Problem to solve
Transcribe all the entries word for word, but omit the images.

Extracted records
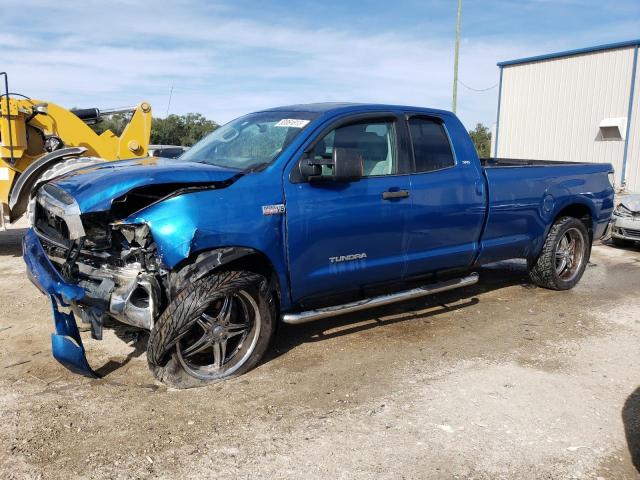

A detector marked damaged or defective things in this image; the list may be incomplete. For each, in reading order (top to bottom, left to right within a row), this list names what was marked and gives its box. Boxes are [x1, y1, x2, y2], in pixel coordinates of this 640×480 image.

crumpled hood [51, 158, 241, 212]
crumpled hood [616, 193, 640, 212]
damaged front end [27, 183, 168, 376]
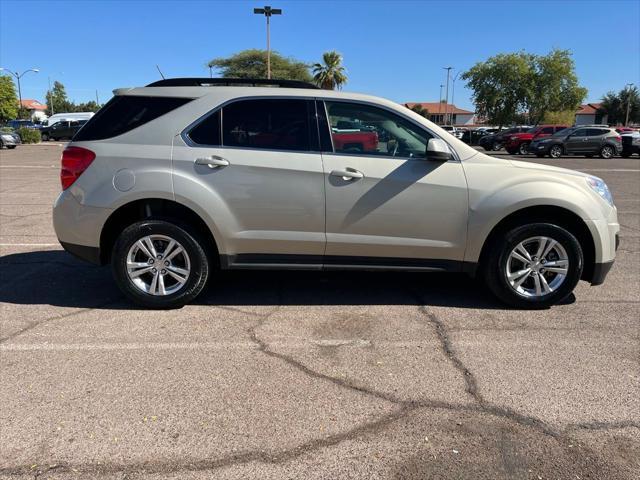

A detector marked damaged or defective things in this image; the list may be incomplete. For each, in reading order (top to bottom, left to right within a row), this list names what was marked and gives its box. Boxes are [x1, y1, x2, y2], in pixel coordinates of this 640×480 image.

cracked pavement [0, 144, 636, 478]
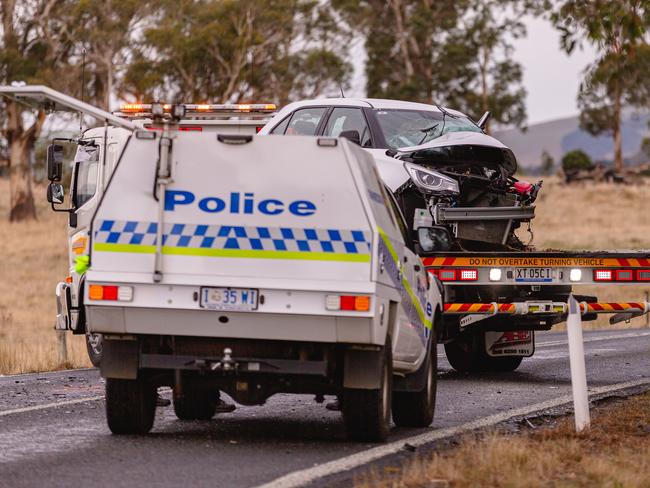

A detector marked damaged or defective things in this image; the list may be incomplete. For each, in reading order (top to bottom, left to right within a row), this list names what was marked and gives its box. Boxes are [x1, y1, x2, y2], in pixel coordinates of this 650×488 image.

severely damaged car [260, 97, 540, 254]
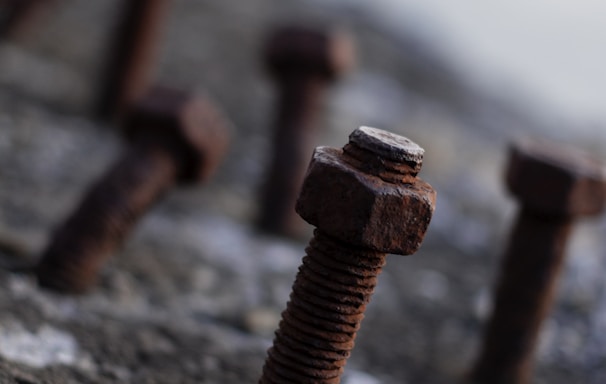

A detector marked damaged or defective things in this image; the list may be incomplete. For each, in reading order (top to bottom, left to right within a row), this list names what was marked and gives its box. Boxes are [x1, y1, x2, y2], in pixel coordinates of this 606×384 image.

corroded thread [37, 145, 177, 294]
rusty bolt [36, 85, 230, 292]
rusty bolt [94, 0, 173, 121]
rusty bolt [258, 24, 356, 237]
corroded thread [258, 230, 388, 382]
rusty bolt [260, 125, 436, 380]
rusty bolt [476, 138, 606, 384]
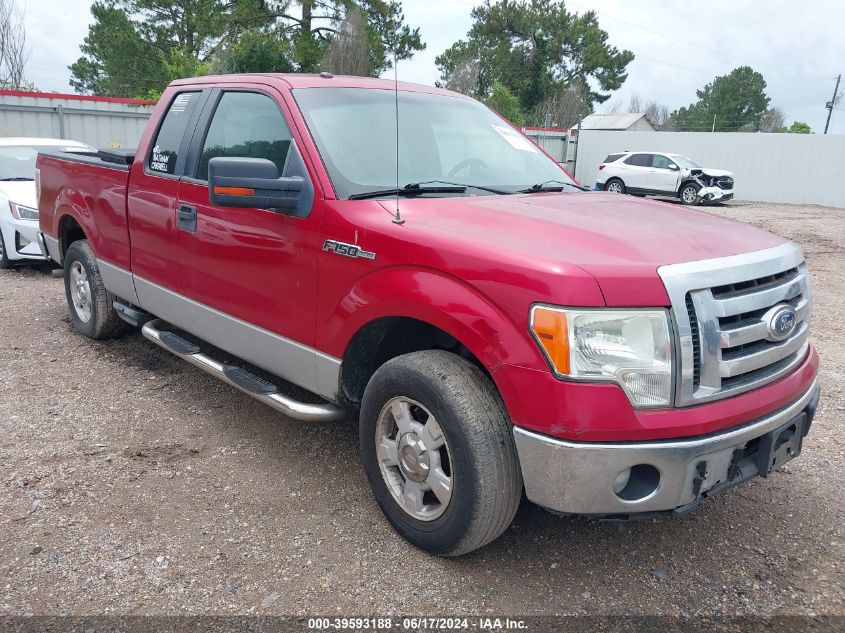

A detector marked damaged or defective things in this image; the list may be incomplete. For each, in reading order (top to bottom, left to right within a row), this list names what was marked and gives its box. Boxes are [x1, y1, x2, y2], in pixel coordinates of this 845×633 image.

Response box
A detector marked damaged or defective things in this image; the list may be incomplete. For each, in reading order (top to bottom, left to right within a row), this list names what was marked and gives its box. Boxes are [x1, y1, x2, y2], in pixel coordinates of this 640×480 image.

crumpled hood [51, 158, 241, 212]
crumpled hood [616, 193, 640, 212]
damaged front end [27, 183, 168, 376]

A detector marked damaged or defective things in this image; the list may be incomplete. For each, in reading order (top to bottom, left to right within a row), this list names what was marked and gives its box. Boxes are [x1, y1, x2, y2], in pixel coordinates of this 640×480 image.

cracked pavement [0, 144, 636, 478]

A detector marked damaged or defective things in this image; the list may be incomplete. For each, in reading order (top to bottom, left to right within a row), this list names what was marked and gives its box. Boxes are [x1, y1, x2, y2], in pixel coordinates of this 650×488 image.

severely damaged car [260, 97, 540, 254]

A detector marked damaged or defective things in this image; the list may be incomplete. For each, in reading order (top to bottom, left to right within a row), this list names what was marked and gives its box. Boxes are [x1, y1, x2, y2], in pixel coordinates of this 606×384 image.

corroded thread [37, 145, 177, 294]
rusty bolt [36, 85, 230, 292]
rusty bolt [94, 0, 173, 121]
rusty bolt [258, 24, 356, 237]
corroded thread [258, 230, 388, 382]
rusty bolt [260, 125, 436, 380]
rusty bolt [476, 138, 606, 384]

A detector marked damaged or defective things in this image; the list may be incomplete. For each, in reading order (top to bottom, left to right within a row), this list names what was marked and gives its box. Boxes are [x1, y1, x2, y2], in pixel coordinates of this 845×633 image.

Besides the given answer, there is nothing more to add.